Many producers and connoisseurs believe that this method still produces the best vintage Ports, but the practice is getting hard to keep up because few pickers want to spend eight to 10 hours a day treading in a lagar, which is akin to running a marathon through deep sand.
Now, the winemaking team at W & J Graham has developed a substitute method, called the automated lagar. "The reality is that labor is getting scarcer. We have to find ways to increase automation without sacrificing quality," said Rupert Symington, a director of Graham, whose family owns such illustrious houses as Graham, Dow and Warre. He said that about 40 percent to 50 percent of Graham's best Port is made in traditional lagares. (In contrast, only about 8 percent to 10 percent of the wine from the Douro is still produced this way.)
Human feet crush grapes thoroughly but gently, extracting the maximum color, aroma and flavor without breaking the bitter-tasting seeds. The automated lagar replicates the foot-treading process as closely as possible: Four temperature-controlled pads are suspended above a stainless-steel tank and move slowly along its length. Pistons push the pads sequentially down into the grape must until they reach the floor. After two to three days of fermentation, the juice is siphoned off into casks and the lagar is tipped so that the cap (the floating mass of crushed grapes) is fed into the press. Commented Symington, "It makes up in quality for what it loses in charm."

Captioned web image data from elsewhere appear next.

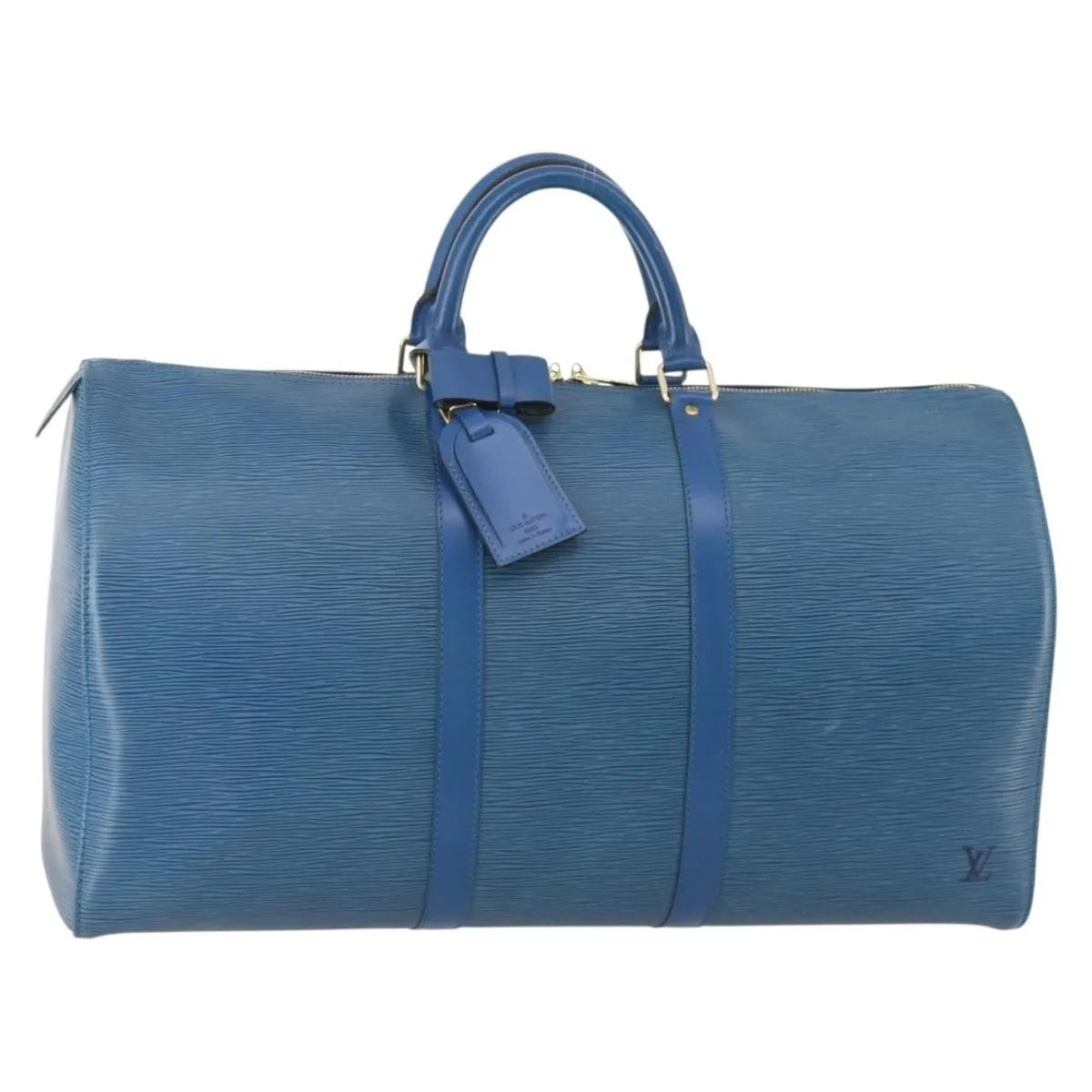 Louis Vuitton Keepall Epi Leather, Blue, Leather, Travel Bag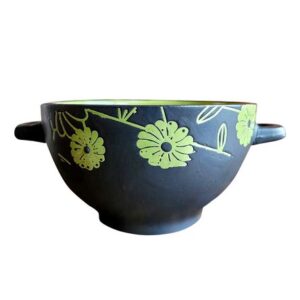 Bowl Tazón De Cerámica 750ML Diseño Floreado Con Asas Verde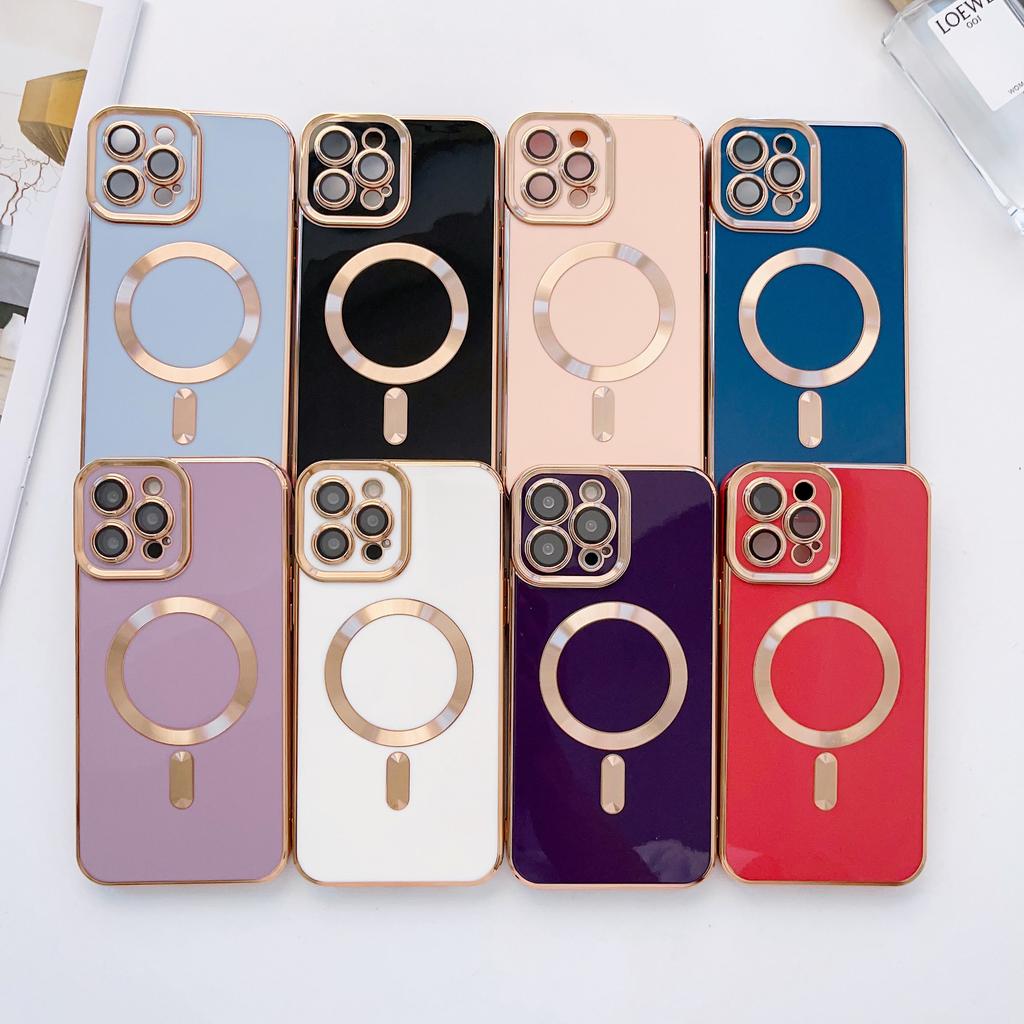 For IPhone 16 Solid Color Electroplated Magnetic Case for Apple 15 Promax All Inclusive 14pm with Lens Film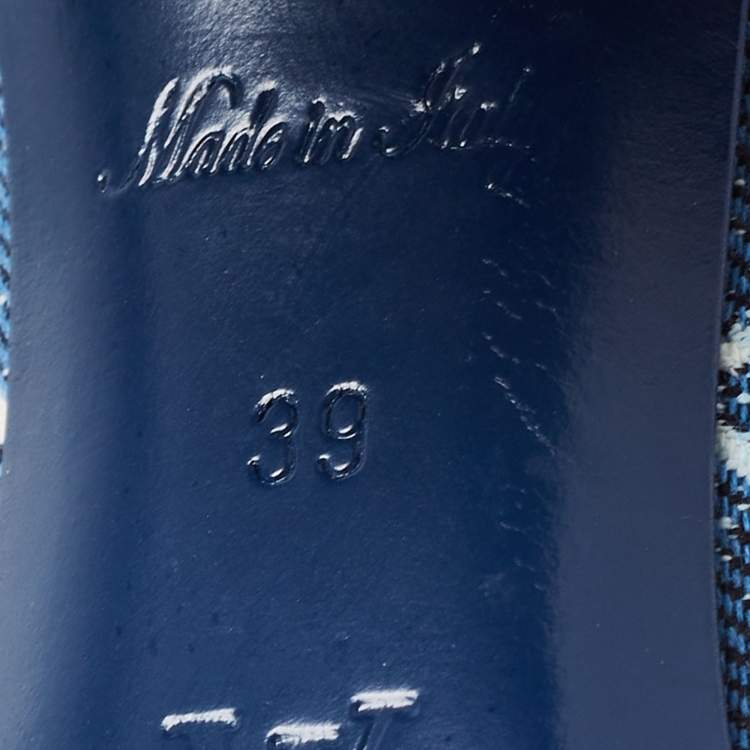 Pre Owned Louis Vuitton Navy Blue Monogram Canvas and Leather Silhouette Sandals Size 39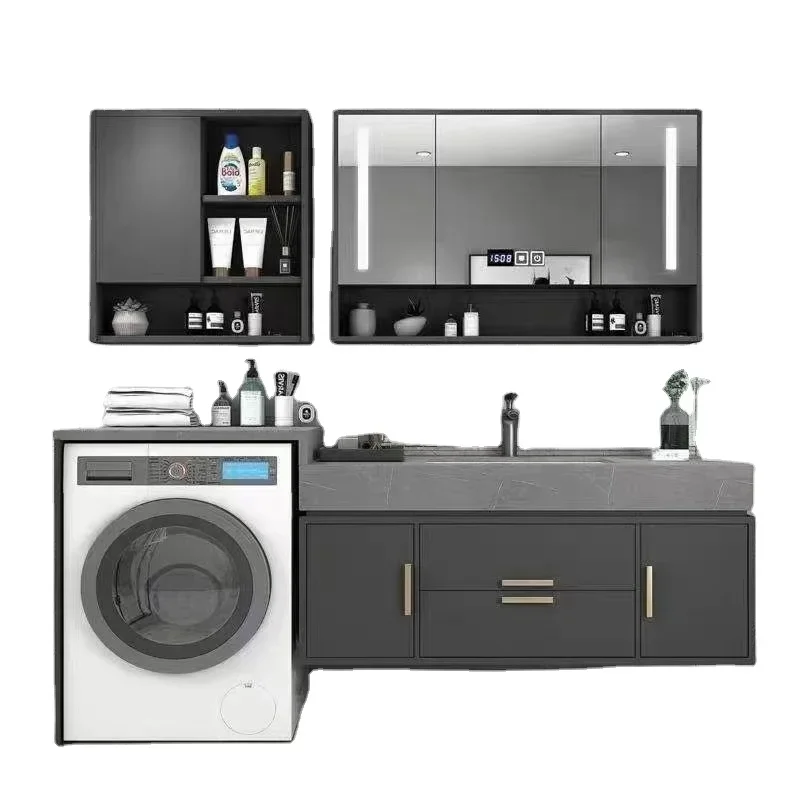 Modern Laundry Cabinet Bathroom Cabinet Wash Machine Vanity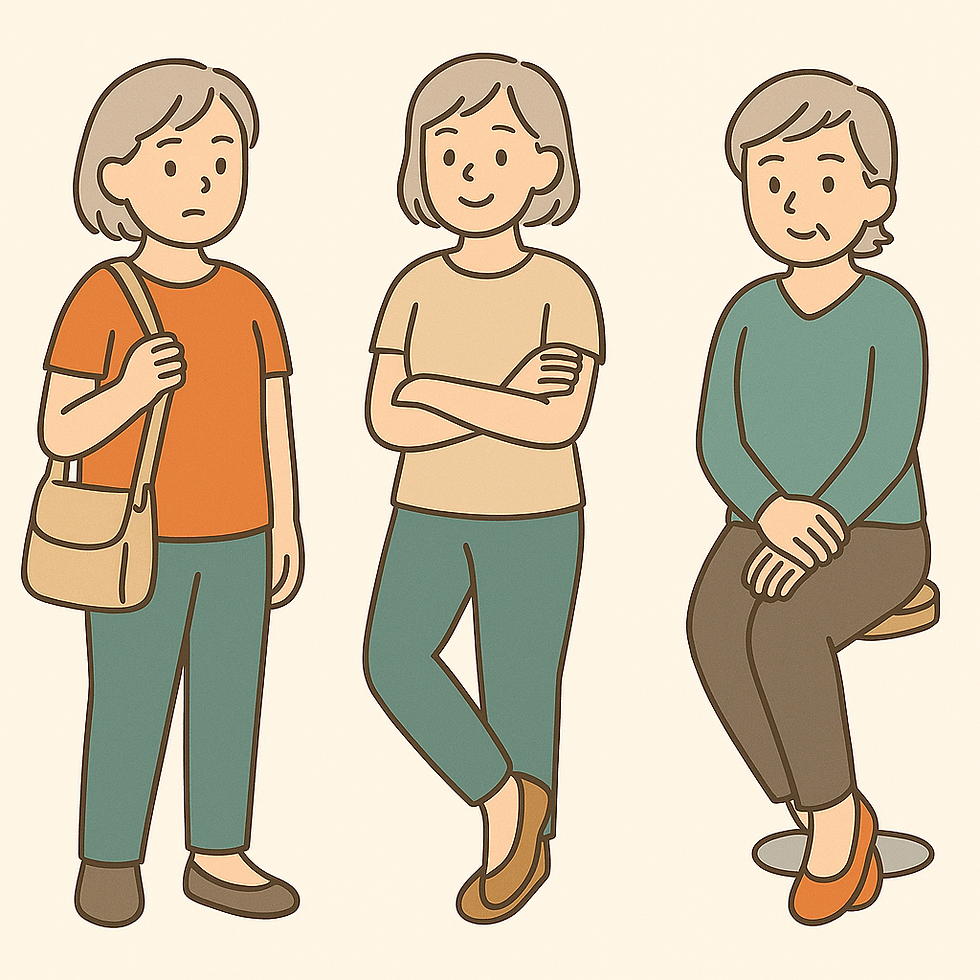 バッグをいつも同じ肩にかけている女性、 立つ時に片足に重心を乗せている女性、 座る時に足を組むクセがある女性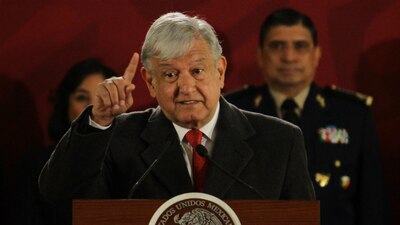 El presidente AMLO y su gabinete este lunes en Palacio Nacional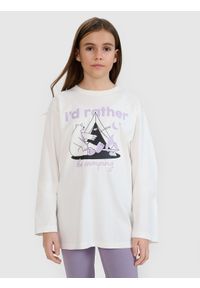 4f - 4F Longsleeve oversize z nadrukiem dziewczęcy - biały 152 (11-12 lat). Okazja: na co dzień. Kolor: biały. Materiał: dzianina, bawełna, jersey. Długość rękawa: długi rękaw. Długość: długie. Wzór: nadruk. Sezon: lato. Styl: klasyczny, sportowy, casual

Automated lagares are not a new idea for the region. Other shippers over the last 20 years have tried various methods, but the results have not been very good. The Port house of Cockburn even tried using mechanized artificial legs to replicate the work of its pickers.
Graham claims its new method has numerous advantages over the previous forms of mechanization as well as the traditional lagares. Compared to many other automated methods, the system provides a large surface area for contact between the juice and the cap. The stainless steel tanks are more hygienic and easier to clean than the old stone tanks. The fermentation temperature can be controlled easily, preventing spoilage in hot weather. And the tanks can be unloaded quickly and conveniently, rather than having to rake out the cap.
The method was first used with the 1998 vintage. "We made identical lots of grapes in the traditional and automatic methods and in the automatic lagares," said Symington. "We were so pleased by the results that we are going into production with this system." Graham will install several automated lagares in its new Quinta dos Malvedos winery, which is expected to open in time for the 2000 harvest. In the meantime, the company will continue to experiment with the system under different conditions.
The first wines made in the automated lagares will be bottled starting in 2000, though consumers aren't likely to see them labeled as such on the shelves. Graham intends to maintain all three styles of winemaking for the time being, at least until one proves itself to be unquestionably the best, said Symington. "We remain very loyal to the lagar method," he commented. "We believe that new technology is very good for making Port, but there is something about the lagar that we respect, especially for single-quinta Port."